WHAT THE TASK ASKS
Look through the records below, and whenever a line contains "Patient", copy it.

──────── PROVIDED MATERIAL ────────

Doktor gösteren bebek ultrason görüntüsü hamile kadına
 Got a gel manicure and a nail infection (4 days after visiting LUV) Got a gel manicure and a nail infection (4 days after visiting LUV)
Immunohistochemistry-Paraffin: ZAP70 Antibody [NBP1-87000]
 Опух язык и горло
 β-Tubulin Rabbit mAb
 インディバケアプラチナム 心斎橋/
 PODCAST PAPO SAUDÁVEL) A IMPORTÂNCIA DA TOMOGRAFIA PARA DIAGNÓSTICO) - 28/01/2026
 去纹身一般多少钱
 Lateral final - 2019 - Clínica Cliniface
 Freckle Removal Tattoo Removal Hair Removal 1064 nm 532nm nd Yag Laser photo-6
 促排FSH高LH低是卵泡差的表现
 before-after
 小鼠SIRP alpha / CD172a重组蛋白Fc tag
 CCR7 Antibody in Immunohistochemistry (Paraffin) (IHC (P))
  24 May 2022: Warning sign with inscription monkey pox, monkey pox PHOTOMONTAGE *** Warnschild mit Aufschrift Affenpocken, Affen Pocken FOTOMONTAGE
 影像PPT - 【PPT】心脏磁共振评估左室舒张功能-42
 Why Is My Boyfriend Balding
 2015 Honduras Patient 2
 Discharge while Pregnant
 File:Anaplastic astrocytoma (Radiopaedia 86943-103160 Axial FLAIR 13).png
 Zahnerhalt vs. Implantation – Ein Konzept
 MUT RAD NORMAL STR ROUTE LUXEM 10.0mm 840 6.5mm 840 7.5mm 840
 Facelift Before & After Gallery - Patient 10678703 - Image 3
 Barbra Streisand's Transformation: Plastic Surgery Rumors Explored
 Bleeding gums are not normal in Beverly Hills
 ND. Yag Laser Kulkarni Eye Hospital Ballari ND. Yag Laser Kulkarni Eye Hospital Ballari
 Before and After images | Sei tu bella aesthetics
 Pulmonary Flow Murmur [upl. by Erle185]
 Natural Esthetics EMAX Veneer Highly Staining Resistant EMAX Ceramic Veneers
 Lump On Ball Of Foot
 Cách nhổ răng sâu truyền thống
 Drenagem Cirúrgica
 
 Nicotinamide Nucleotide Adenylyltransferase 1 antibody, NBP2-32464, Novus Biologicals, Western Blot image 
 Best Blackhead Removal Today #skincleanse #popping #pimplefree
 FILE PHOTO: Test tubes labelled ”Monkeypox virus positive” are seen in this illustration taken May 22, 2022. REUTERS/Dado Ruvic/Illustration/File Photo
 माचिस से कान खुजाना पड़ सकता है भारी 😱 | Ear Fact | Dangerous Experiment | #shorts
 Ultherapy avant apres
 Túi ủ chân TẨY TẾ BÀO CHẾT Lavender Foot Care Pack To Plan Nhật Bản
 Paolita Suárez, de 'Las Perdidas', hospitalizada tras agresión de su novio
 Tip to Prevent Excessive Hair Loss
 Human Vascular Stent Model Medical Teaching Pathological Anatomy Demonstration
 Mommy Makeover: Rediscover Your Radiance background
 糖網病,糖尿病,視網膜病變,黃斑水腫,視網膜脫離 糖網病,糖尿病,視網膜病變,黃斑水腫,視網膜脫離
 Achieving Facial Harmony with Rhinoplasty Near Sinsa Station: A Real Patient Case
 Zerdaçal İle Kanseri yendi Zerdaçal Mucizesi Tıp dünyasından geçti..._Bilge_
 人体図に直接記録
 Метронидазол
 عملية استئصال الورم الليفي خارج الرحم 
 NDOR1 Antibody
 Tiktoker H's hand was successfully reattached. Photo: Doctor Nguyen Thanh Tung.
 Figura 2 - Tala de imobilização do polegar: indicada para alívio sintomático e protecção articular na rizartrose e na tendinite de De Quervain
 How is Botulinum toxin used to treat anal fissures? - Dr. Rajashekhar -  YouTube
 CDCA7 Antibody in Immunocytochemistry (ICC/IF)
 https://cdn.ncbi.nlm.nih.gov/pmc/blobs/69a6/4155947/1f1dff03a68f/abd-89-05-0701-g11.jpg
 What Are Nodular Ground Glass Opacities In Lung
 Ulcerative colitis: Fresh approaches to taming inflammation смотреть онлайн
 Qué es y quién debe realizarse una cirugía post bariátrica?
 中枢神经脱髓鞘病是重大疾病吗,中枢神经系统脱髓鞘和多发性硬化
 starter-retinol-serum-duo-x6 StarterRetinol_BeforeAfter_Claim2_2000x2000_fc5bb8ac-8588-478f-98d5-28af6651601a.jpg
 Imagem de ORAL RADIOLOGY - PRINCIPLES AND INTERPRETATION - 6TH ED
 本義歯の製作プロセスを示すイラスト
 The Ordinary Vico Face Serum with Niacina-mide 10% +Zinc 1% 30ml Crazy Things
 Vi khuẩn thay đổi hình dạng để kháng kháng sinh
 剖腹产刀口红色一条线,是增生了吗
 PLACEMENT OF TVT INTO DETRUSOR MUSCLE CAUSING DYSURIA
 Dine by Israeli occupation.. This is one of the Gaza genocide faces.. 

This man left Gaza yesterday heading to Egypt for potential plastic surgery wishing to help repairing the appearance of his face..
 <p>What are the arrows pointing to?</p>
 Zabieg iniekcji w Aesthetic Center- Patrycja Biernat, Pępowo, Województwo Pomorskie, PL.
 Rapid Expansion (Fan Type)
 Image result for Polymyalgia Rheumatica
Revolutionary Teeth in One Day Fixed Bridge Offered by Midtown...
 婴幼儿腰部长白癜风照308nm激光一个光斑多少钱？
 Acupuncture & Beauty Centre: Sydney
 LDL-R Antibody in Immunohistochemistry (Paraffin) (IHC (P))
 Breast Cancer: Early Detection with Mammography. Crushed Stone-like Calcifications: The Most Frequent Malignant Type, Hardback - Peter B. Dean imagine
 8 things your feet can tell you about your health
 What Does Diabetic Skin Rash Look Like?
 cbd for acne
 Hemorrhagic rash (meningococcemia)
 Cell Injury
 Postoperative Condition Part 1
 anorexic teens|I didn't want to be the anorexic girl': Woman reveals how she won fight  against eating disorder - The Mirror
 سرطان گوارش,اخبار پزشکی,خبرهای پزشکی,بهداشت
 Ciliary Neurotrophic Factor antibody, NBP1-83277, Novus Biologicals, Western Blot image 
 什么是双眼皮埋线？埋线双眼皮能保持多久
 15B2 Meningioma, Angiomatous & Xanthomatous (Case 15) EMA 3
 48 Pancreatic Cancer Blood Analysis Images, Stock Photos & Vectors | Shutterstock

────────

TASK ANSWER
 2015 Honduras Patient 2
 Facelift Before & After Gallery - Patient 10678703 - Image 3
 Achieving Facial Harmony with Rhinoplasty Near Sinsa Station: A Real Patient Case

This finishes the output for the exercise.